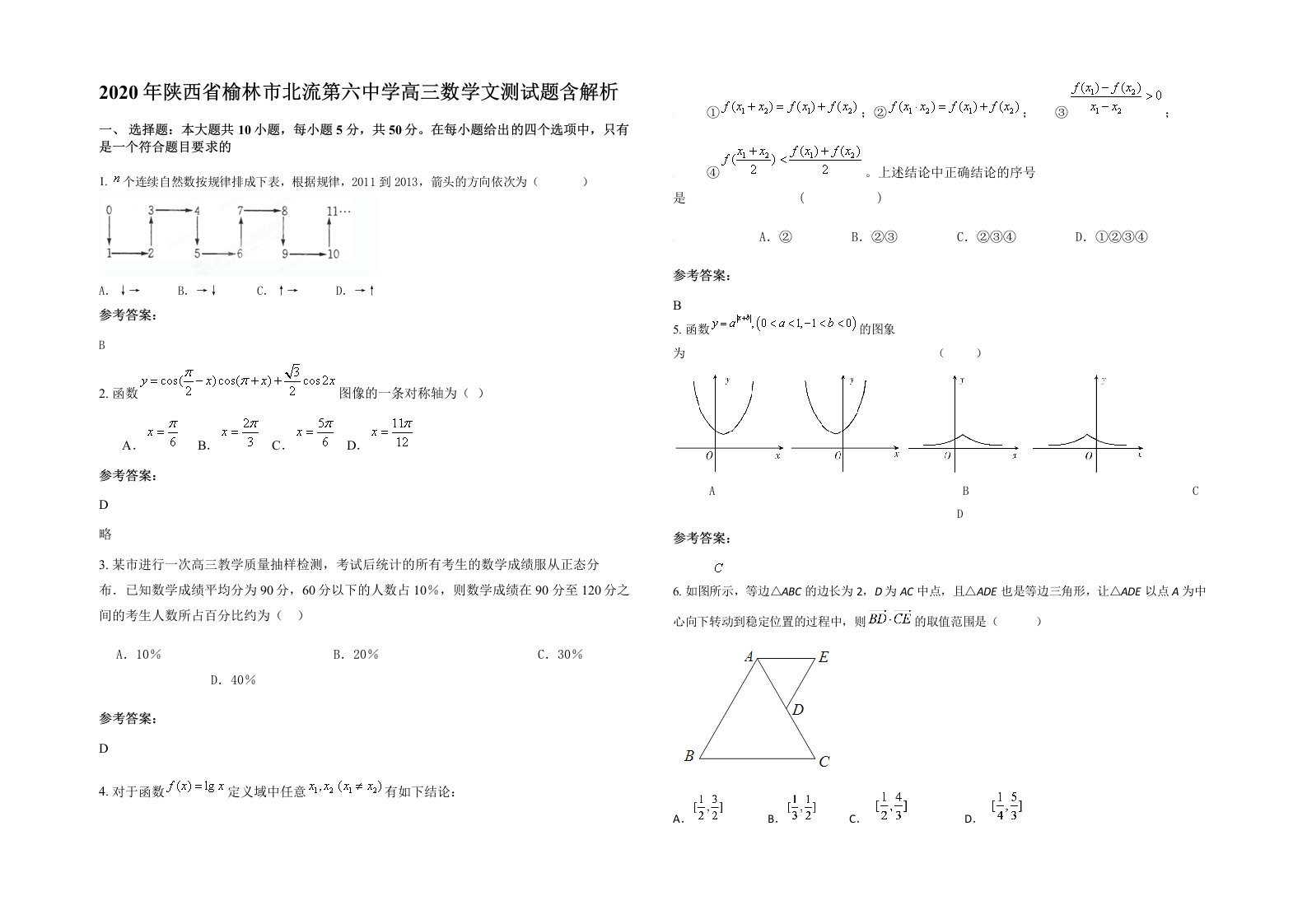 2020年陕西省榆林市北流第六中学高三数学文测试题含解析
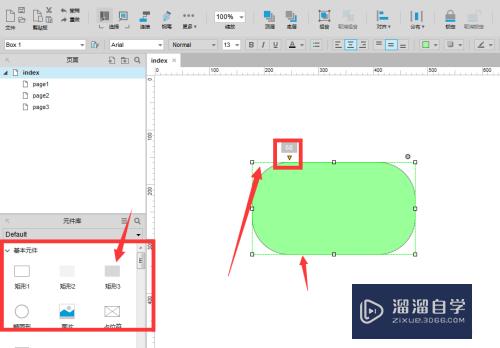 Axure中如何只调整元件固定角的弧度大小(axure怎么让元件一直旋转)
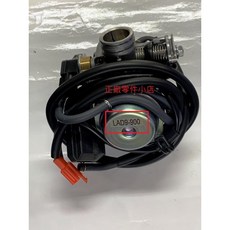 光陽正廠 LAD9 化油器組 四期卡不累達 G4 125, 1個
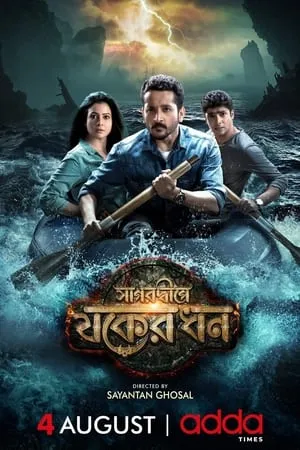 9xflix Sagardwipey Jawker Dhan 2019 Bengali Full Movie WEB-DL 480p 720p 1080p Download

YOUR TASK:
Your job is to restate, word for word, only the lines from the one holding "光陽正廠 LAD9 化油器組 四期卡不累達 G4 125, 1個" through the end of the material; pictures stay out.

EXERCISE RESULT:
 光陽正廠 LAD9 化油器組 四期卡不累達 G4 125, 1個
 9xflix Sagardwipey Jawker Dhan 2019 Bengali Full Movie WEB-DL 480p 720p 1080p Download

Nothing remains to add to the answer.